Brand loyalty: chronicle of a death foretold

Branding, Creativity

by Ionut Rosca, Behaviour Planner at g7 Romania

Brand loyalty has been on everyone’s lips these past years, with some voices prophesizing a sense of impending doom in response to profound cultural shifts and to the ongoing digital disruption of the consumer journey. Dying or not, there is a general consensus that the never-ending proliferation of brands, the rapid rise of private labels and the steep price competitiveness generated by brands with little, if any, effective differentiation are wearing loyalty down.

This is big news for marketers and advertisers. Loyalty matters. This goes without saying for any customer centric business model, as loyalty saves costs, generates greater sales and creates an entry barrier for the competition by making consumers less sensitive to their marketing efforts.

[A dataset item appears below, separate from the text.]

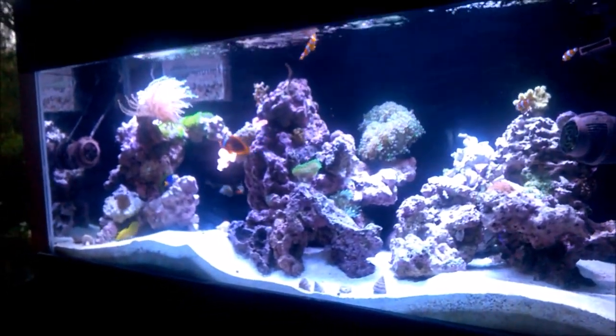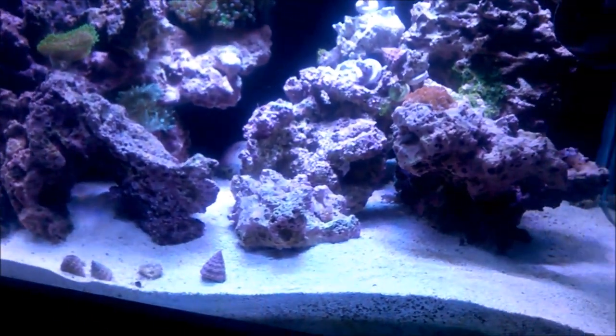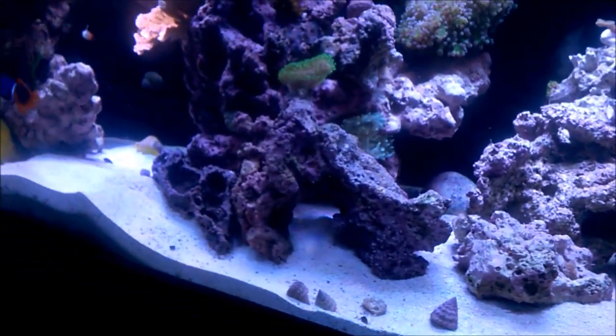In this video I want to show you guys how I'm keeping my sand so clean. I usually get a bunch of brown algae all over my sand just like you see here — it's usually a lot worse, but it's actually really clean right now.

By cause of necessary consequence, brands are responding by creating  loyalty programs, but so is everyone else, flooding the market with overchoice and that means many of these programs will seldomly be used or deliver meaningful and distinctive interactions.

So, if loyalty programs fail to deliver, it’s gloves off for marketers and time to return to oldest play in the book: promotions and discounts. This tactic has been an all-time marketing favourite, a double-edged tactic which uses better value for money as the argument to loyalize existing customers and to prompt others to switch. But what happens to loyalty when all players in a category start using this scheme?

To find out we conducted an inhouse loyalty research on the Romanian household care category, which had reported the largest share of promotions in 2017. We used a simple conceptual framework, defining loyalty as a biased positive attitude toward a brand or product triggered by satisfaction and measured empirically by repeated purchase over a given period of time.